Material provided.

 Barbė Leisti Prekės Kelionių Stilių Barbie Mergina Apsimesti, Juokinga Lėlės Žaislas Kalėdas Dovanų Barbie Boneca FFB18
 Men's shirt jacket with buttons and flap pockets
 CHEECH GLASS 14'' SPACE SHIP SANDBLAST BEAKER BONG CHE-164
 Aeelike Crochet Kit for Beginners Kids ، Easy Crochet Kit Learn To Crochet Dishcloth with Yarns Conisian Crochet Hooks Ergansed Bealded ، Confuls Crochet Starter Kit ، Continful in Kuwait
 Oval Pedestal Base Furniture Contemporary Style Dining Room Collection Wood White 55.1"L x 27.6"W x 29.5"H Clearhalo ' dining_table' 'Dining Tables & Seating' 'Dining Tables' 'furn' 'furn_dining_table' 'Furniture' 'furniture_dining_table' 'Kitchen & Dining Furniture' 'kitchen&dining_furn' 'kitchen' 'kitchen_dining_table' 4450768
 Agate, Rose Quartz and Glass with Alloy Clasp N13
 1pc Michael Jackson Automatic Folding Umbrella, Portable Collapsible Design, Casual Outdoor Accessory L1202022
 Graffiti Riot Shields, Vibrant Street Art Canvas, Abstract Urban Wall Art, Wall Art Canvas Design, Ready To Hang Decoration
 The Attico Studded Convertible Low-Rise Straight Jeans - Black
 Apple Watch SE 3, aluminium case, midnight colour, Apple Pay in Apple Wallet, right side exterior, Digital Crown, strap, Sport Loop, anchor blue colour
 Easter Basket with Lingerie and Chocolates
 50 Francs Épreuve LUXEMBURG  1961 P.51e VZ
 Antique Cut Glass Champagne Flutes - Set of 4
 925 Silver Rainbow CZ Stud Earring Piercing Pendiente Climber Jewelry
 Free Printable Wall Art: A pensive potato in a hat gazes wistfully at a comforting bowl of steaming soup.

Task description. From the entries above, copy each line that holds "with".

Reply.
 Men's shirt jacket with buttons and flap pockets
 Aeelike Crochet Kit for Beginners Kids ، Easy Crochet Kit Learn To Crochet Dishcloth with Yarns Conisian Crochet Hooks Ergansed Bealded ، Confuls Crochet Starter Kit ، Continful in Kuwait
 Agate, Rose Quartz and Glass with Alloy Clasp N13
 Easter Basket with Lingerie and Chocolates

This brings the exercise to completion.